• **Records shown**:
========================================
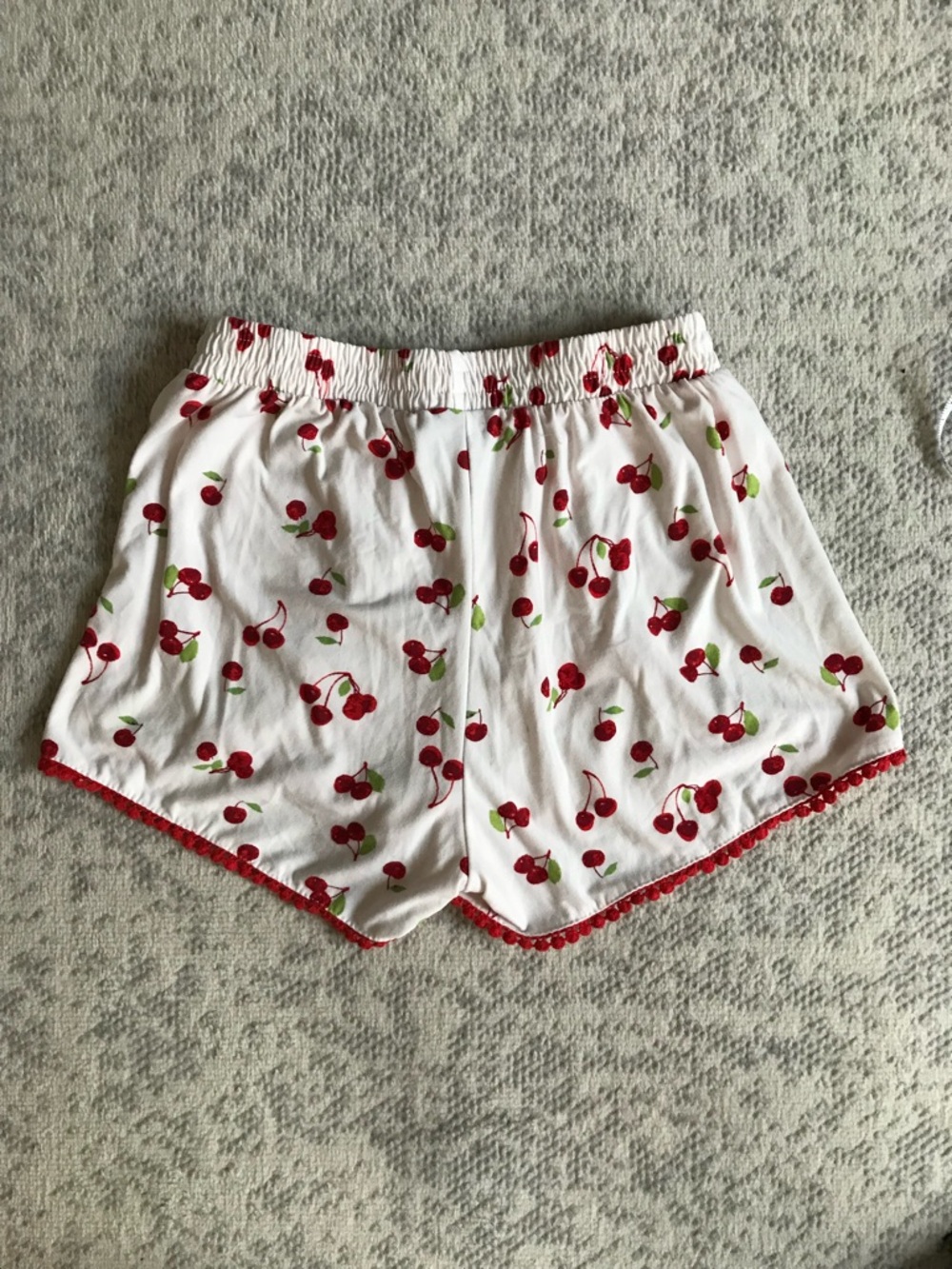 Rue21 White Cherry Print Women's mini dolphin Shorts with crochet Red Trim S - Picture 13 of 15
========================================
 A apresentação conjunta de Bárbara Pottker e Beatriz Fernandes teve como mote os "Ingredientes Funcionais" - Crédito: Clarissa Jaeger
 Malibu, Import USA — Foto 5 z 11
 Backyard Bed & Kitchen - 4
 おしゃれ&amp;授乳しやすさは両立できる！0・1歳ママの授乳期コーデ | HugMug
========================================
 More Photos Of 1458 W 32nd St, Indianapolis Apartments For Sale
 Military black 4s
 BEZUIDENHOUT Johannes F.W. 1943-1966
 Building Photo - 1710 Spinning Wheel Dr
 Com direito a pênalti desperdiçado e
========================================
• **Task item**: Your task is to retype the entries verbatim, starting with the line that holds "Malibu, Import USA — Foto 5 z 11" and stopping after the line that holds "おしゃれ&amp;授乳しやすさは両立できる！0・1歳ママの授乳期コーデ | HugMug".

• **Task response**:
 Malibu, Import USA — Foto 5 z 11
 Backyard Bed & Kitchen - 4
 おしゃれ&amp;授乳しやすさは両立できる！0・1歳ママの授乳期コーデ | HugMug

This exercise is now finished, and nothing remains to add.